• _TASK INPUT_

Content starts

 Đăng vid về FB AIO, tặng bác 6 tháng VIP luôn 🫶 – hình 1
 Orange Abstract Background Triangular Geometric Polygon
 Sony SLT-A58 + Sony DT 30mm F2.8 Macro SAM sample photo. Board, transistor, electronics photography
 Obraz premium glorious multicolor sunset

Content ends
Content starts

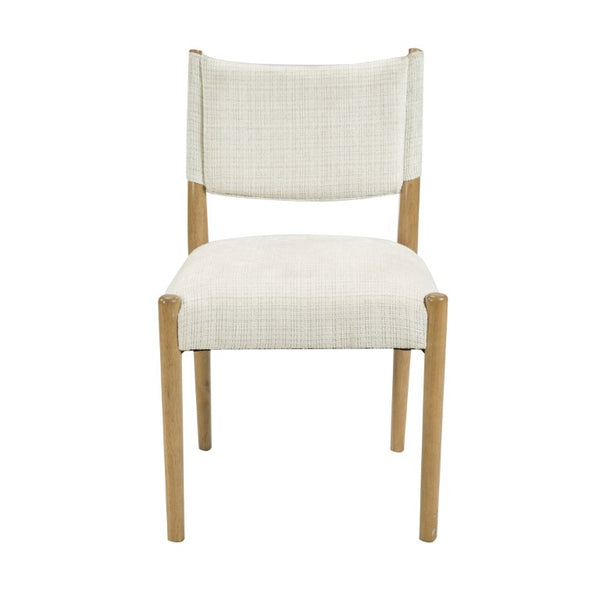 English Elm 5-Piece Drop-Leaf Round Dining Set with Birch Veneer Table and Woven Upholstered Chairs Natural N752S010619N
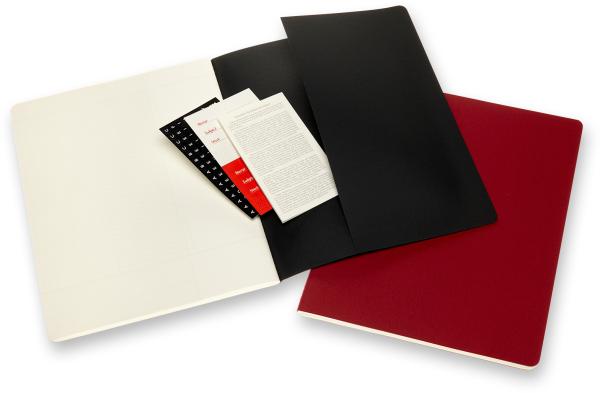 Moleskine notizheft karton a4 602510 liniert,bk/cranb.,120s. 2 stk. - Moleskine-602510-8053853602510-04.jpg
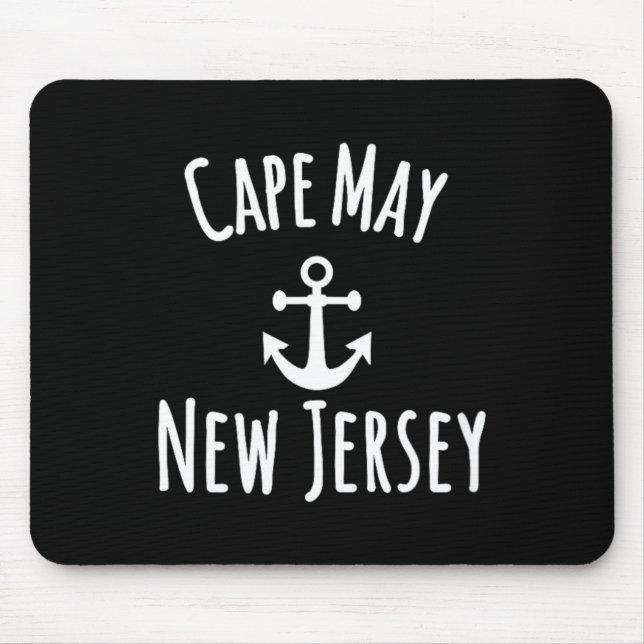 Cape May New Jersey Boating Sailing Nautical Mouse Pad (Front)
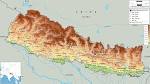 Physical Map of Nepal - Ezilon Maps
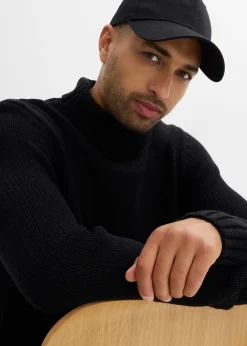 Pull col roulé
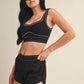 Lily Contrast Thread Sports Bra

Content ends
Content starts

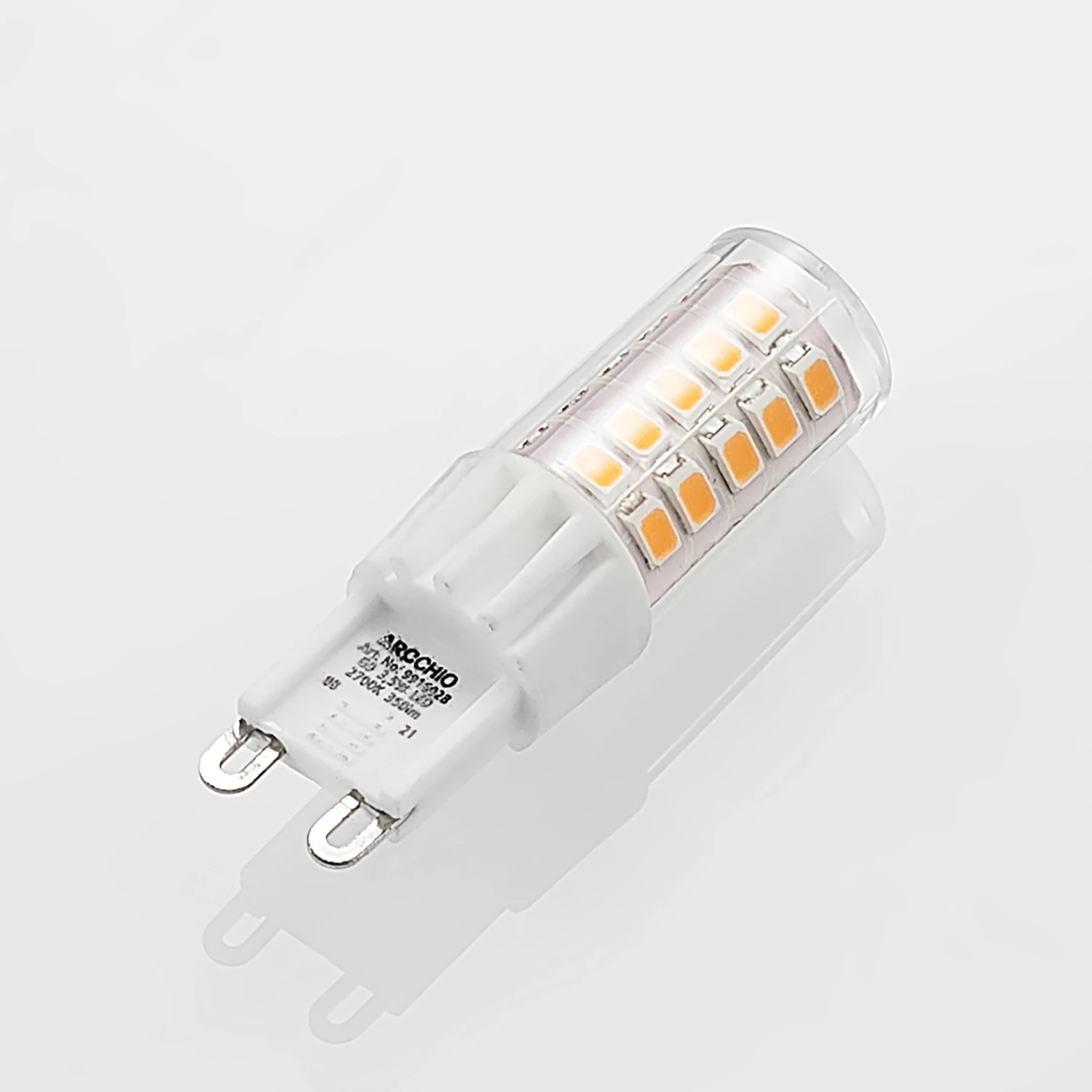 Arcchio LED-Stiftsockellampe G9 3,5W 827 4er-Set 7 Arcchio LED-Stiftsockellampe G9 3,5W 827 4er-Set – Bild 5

Content ends

• _REQUIRED WORK_
Return the span of lines in the data above that opens at the line with "Sony SLT-A58 +" and closes at the line with "Obraz premium glorious multicolor sunset", exactly, ends included, nothing else.

• _RESULT_
 Sony SLT-A58 + Sony DT 30mm F2.8 Macro SAM sample photo. Board, transistor, electronics photography
 Obraz premium glorious multicolor sunset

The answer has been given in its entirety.